>>>
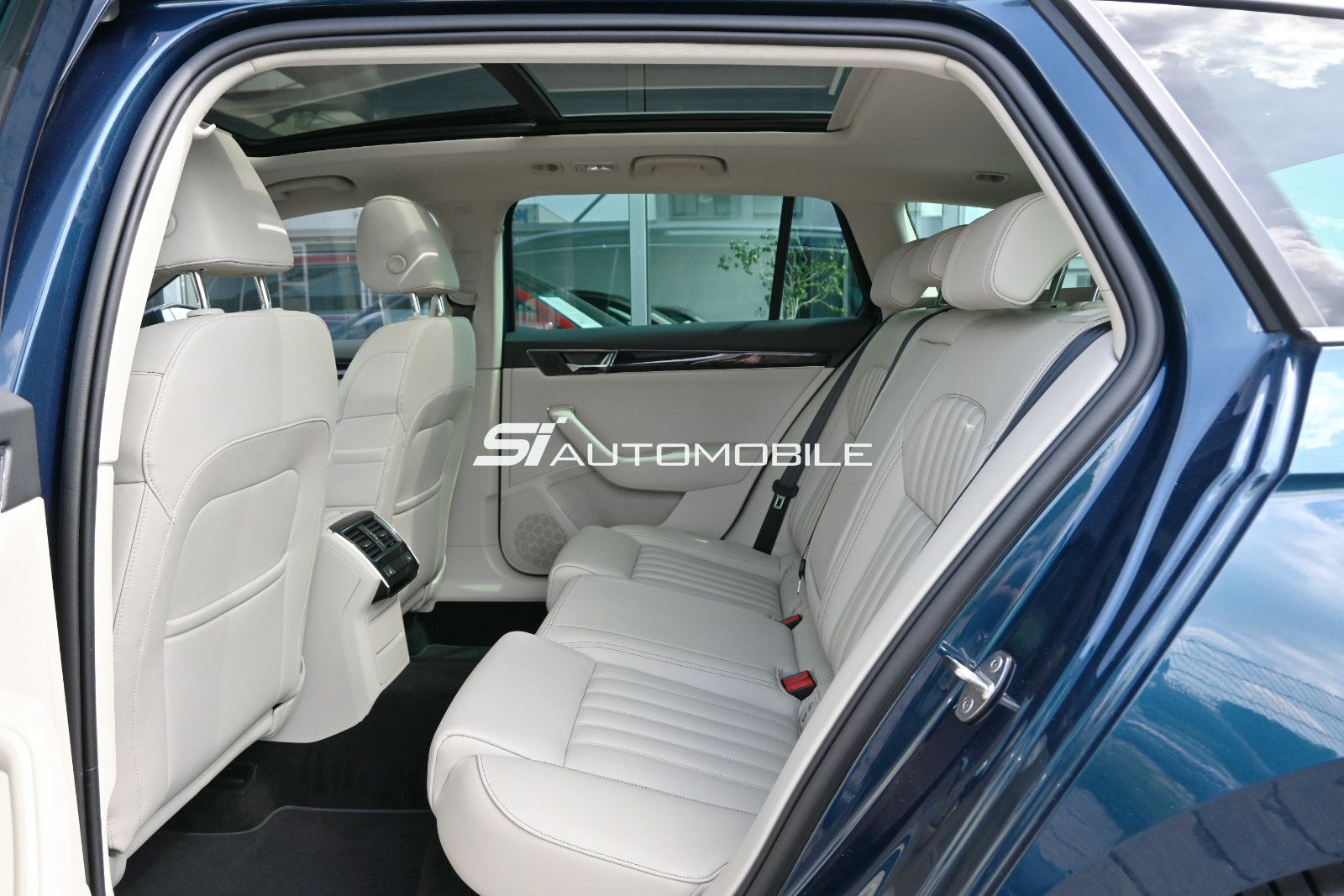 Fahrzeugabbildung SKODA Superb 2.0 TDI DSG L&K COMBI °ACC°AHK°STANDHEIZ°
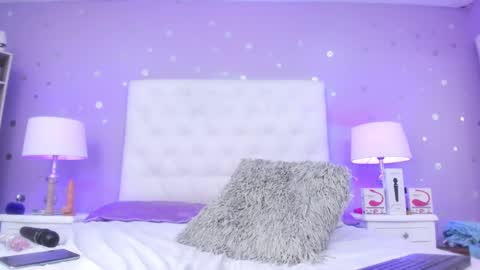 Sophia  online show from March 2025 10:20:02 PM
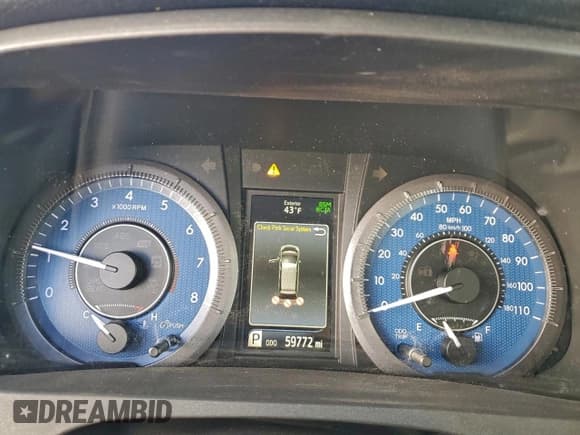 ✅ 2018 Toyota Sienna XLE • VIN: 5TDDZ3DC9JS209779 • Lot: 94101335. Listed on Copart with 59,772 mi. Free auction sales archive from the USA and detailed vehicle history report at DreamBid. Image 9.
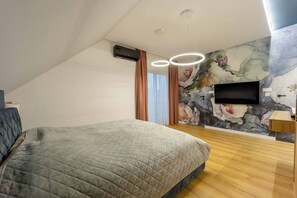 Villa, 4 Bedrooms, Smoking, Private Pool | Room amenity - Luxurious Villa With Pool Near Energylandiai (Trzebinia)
<<<
» TASK BRIEF
The reply should consist of the listing restated word for word, with its pictures removed.

» OUTPUT OF THE EXERCISE
 Fahrzeugabbildung SKODA Superb 2.0 TDI DSG L&K COMBI °ACC°AHK°STANDHEIZ°
 Sophia  online show from March 2025 10:20:02 PM
 ✅ 2018 Toyota Sienna XLE • VIN: 5TDDZ3DC9JS209779 • Lot: 94101335. Listed on Copart with 59,772 mi. Free auction sales archive from the USA and detailed vehicle history report at DreamBid. Image 9.
 Villa, 4 Bedrooms, Smoking, Private Pool | Room amenity - Luxurious Villa With Pool Near Energylandiai (Trzebinia)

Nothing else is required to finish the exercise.